This repository contains a Keras
implementation of Parikh's et al. (2016) algorithm for natural language inference. In theory, it should be relatively straightforward to code, if it were not for some limitations with respect to masking in the present version of Keras
, and the selection of the proper optimization algorithm along with fine-tuning the hyperparameters.
- Python 3.6
- Keras 2+
- Spacy 1.9 (not 2+)
- Pandas + NumPy
The code relies on the older implementation of Spacy. However, it should be relatively easy to port to the newer version in due time. The Tensorflow backend was used.
Careful design is required when dealing with inputs which for practical reasons have to potentially be padded with zeros up to a specified sentence length. Indeed, many of the layers in Keras
(keras.layers
) do not support the usage of Masking
, in particular Conv1D
and GlobalAveragePooling1D
. MaskedConv1D
and MaskedGlobalAveragePooling1D
in model/layers.py
were written to overcome those shortcomings. It is important to note that at the moment they do not propagate the mask to avoid any clash with following layers.

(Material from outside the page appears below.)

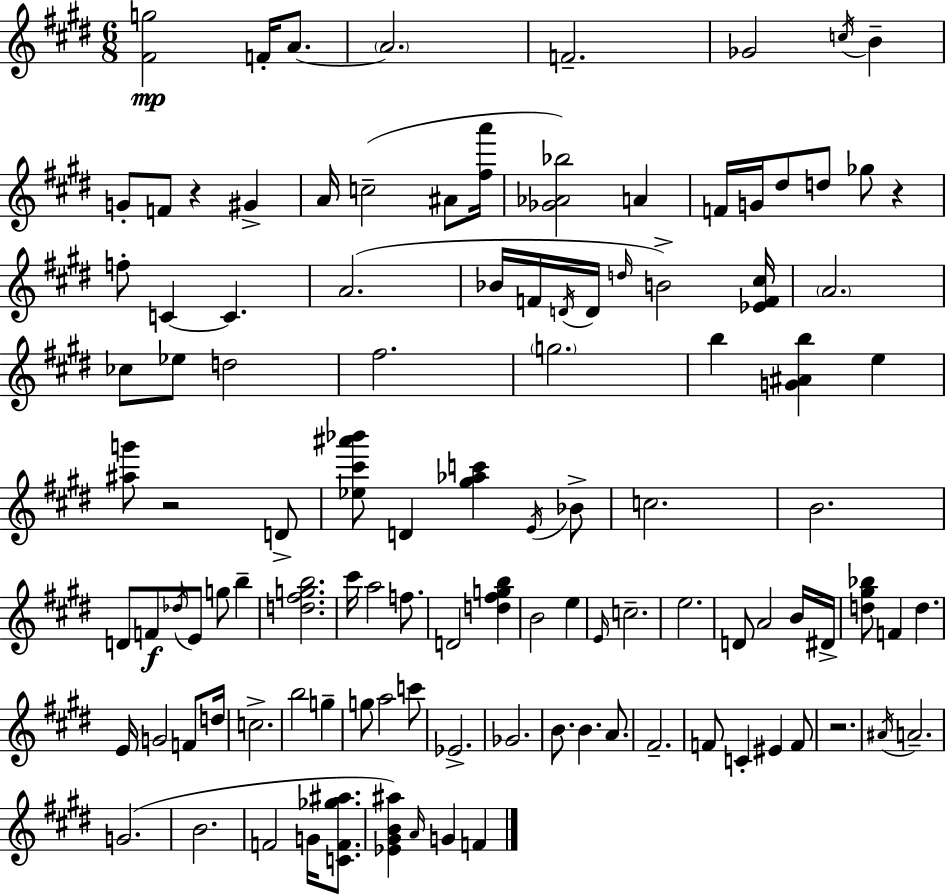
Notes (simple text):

[F#4,G5]/h F4/s A4/e. A4/h. F4/h. Gb4/h C5/s B4/q G4/e F4/e R/q G#4/q A4/s C5/h A#4/e [F#5,A6]/s [Gb4,Ab4,Bb5]/h A4/q F4/s G4/s D#5/e D5/e Gb5/e R/q F5/e C4/q C4/q. A4/h. Bb4/s F4/s D4/s D4/s D5/s B4/h [Eb4,F4,C#5]/s A4/h. CES5/e Eb5/e D5/h F#5/h. G5/h. B5/q [G4,A#4,B5]/q E5/q [A#5,G6]/e R/h D4/e [Eb5,C#6,A#6,Bb6]/e D4/q [G#5,Ab5,C6]/q E4/s Bb4/e C5/h. B4/h. D4/e F4/e Db5/s E4/e G5/e B5/q [D5,F#5,G5,B5]/h. C#6/s A5/h F5/e. D4/h [D5,F#5,G5,B5]/q B4/h E5/q E4/s C5/h. E5/h. D4/e A4/h B4/s D#4/s [D5,G#5,Bb5]/e F4/q D5/q. E4/s G4/h F4/e D5/s C5/h. B5/h G5/q G5/e A5/h C6/e Eb4/h. Gb4/h. B4/e. B4/q. A4/e. F#4/h. F4/e C4/q EIS4/q F4/e R/h. A#4/s A4/h. G4/h. B4/h. F4/h G4/s [C4,F4,Gb5,A#5]/e. [Eb4,G#4,B4,A#5]/q A4/s G4/q F4/q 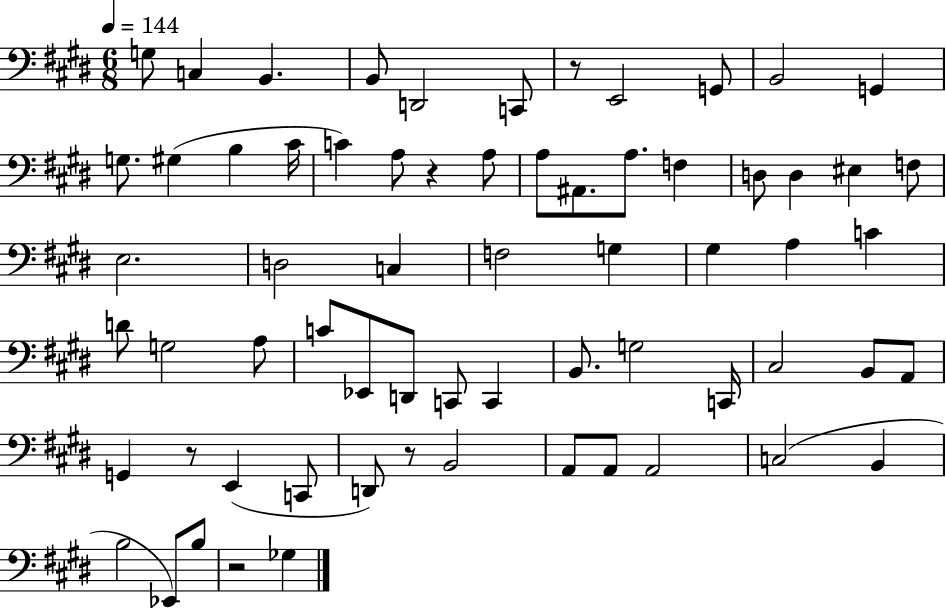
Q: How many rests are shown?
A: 5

Furthermore, the row-wise softmax transforms following the soft-alignment, here performed by the new layer Softmax2D
, need to take into account padding with the appropriate 2D masking using the new layer Masking2D
.
As in the paper by Parikh et al., we train the model (382K parameters) on the Stanford Natural Language Inference (SNLI) dataset over 60 epochs using a cross-entropy loss with the Adagrad
optimizer (0.01 of learning rate), batches of size 128, and fixed sentence length
It could be tempting to use the popular Adam
optimizer or the basic SGD
, but we found Adagrad
to be the most stable option while systematically converging to a better minimum.
The best accuracy on the dev
dataset achieved by the model is 85%, only 1% shy of the reported 86% by Parikh et al. . Using their exact hyperparameters does not converge to a better result.